Su paso a “Mirabilia” (1979) es una verdadera celebración de la palabra; precisamente la primera parte lleva el título de “Celebraciones”, comenzando con “El cuarto”, poema reminiscente, que culmina con la consagración de un poeta que, en el ámbito de las odas nerudianas, muestra el prodigio de su arte, tan simple y llano en su desempeño. Ahí están: “La silla”, “La mesa”, “El sillón”, “El vino”, “La lechuga”; en fin, todo cuanto evoca ese aposento y vivencia un sentido trascendente de su existencia, para acabar con este magistral “Versículo”: “Al polvo vamos, pero venimos del agua”. Desde luego que Sáenz también tiene sus “Los cuartos” (1985), sólo que son desolados y umbríos. ¡Ah!, pero eso no es todo en Mitre; por cuanto, sin cambiar de estilo, la forma se proyecta al “Tríptico” elegiaco dedicado a la memoria del matemático Luis Frege. Luego viene el “Paréntesis”, donde todavía late la nostalgia de su morada; entonces, “Mirabilia”, nos abre; no, qué digo: nos conduce al Mitre supremo que empieza a narrar sus emociones. Aquí lo difícil se hace posible en el dominio verbal que denota; desde esa instancia su palabra se hace total, en tiempo y espacio. Cualquier poema vale, para señalar su singular existencia, inclusive en forma de prosa, a la mejor manera de Sáenz. Veamos “Sagitario”:

“Rostros en las ventanas y flores en las macetas. Brisa tibia y luz intensa. Sin rodeos: Primavera. Repentina como un lazo la envolvente extensión de una pradera. Por el verde, más que en sueños, palidece el ufano blanco de la estrella y la mitad que dividía lentamente cesa. Lentamente baja el arco que se deja caer sobre la hierba, y silbando felizmente, Sagitario se pone a caminar.”

Y este libro se pone en camino con una parte consagrada —de nuevo, pero con más oficio—, a los caligramas, siempre motivados en su morada, hasta el último poema, que se da en un círculo compacto, al modo de los versos concretos de Gomringer, poeta boliviano de ascendencia germana. El cierre se da con “La estación serena”, donde de nuevo sentimos la nostalgia mitreana por la casa, los rostros y la “estación serena”, que no sólo es el otoño. Es su otoño. Su madurez.

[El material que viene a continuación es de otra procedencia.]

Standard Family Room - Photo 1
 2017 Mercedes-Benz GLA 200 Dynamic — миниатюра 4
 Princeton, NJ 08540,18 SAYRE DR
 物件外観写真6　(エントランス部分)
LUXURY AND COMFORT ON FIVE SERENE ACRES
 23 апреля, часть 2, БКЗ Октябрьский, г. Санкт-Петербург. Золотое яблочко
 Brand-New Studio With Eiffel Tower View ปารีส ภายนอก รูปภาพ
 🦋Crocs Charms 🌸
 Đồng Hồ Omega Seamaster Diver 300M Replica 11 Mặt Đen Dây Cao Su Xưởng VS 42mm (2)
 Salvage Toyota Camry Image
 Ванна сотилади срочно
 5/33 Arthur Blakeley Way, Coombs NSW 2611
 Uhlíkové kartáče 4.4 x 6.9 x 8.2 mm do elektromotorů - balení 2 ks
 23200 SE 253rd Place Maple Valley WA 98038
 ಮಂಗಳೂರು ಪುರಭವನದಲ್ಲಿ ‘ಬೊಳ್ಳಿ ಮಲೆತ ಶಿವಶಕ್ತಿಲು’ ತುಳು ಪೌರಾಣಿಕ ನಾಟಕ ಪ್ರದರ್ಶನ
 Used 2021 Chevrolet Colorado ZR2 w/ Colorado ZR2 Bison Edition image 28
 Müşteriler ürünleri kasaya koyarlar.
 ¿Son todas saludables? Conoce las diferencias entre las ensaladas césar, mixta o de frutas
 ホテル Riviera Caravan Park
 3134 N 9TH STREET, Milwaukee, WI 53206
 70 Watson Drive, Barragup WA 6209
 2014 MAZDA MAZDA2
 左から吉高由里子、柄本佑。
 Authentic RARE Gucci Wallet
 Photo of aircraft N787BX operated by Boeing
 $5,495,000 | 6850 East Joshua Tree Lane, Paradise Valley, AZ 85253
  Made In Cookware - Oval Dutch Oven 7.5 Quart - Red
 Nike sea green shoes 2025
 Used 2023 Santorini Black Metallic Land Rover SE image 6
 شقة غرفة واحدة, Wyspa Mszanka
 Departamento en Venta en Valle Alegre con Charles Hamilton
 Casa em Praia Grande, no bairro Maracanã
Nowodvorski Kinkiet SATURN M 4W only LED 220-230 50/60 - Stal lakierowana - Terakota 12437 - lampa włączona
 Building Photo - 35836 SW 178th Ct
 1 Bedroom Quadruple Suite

“Razón ardiente” (1980), es un extenso poema dedicado a su hermano Nazri, cuyo título sale de un verso de Apollinaire; de algún modo este poema se hace histórico y comprometido con su tiempo y espacio territorial, además de su entorno íntimo. Se da en forma de epístola, con sintaxis abierta, fechada en “París: Invierno de 1980”. Su destinatario está en sus:

“Queridos pájaros ausentes:

Barrios de nieve

Pinos

Pacientemente sentados

En la penumbra de un cuarto

A la luz de la lámpara

Solitaria”.

Entonces, la evocación también se da como un reclamo a la vida, imperceptible y subyacente, en sus circunstancias enaltecedoras:

“Como la kiswara en el Altiplano

Inclinado sobre la página

El vertiginoso pasado

La infancia: apenas un eco

Un silbido lejano

Un río de rostros distantes

O muertos.

“La patria:

Un río de nombres ensangrentados

No héroes ni hermanos:

Corderos sacrificados

Al buche de topes feroces

Renacerán con su pueblo:

¿Cuándo?”

En cambio: “Desde tu cuerpo” (1984), dedicado a Gabriel, su hijo, se da con un nuevo goce estético, coloquial e íntimo; de algún modo, aprendió a usar la diégesis lorquiana, que en él que cobra una ternura coloquial, poco usual en la poesía boliviana. Sáenz la tiene, extraña y funabulesca. En Mitre es el júbilo de la vida. “Desde tu cuerpo”, en sí es un poema cíclico —en cinco partes—, que se da como un preludio a “La luz del regreso” (1990), el más sentido y notable de sus poemarios diegéticos. Es que hay una relación mística, filial, de padre a hijo, que se abre, de corazón sensible, para culminar, con idéntico acento, en el referente del hijo al padre, en “Yaba Alberto”. “Desde tu cuerpo” nos pasma con la proyección de sus sentimientos; comienza con la premonitoria mirada que devela una devoción que se hace mística, cuando dice:

“Me miras, hijo,

y siento que nos miramos

yo y el destino.

“Tu cuerpo es santuario.

Tú eres el santo

y yo me inclino.

“Te esperé mucho, te esperamos

como se espera los barcos.

Y llegaste de súbito

como los pájaros.”

Dulce presencia la del hijo que prolonga su festejo y gestación a su obra poética: “¡Aleluya! Mirabilia”, dice y el canto se gloria en una aliteración tamayana, para arrullar al hijo:

“Lloras. Mama saca mamas.

Mamas manan mana.

Mana sacia extasia.

Sueño baja, colma calma.

Mama guarda mamas”.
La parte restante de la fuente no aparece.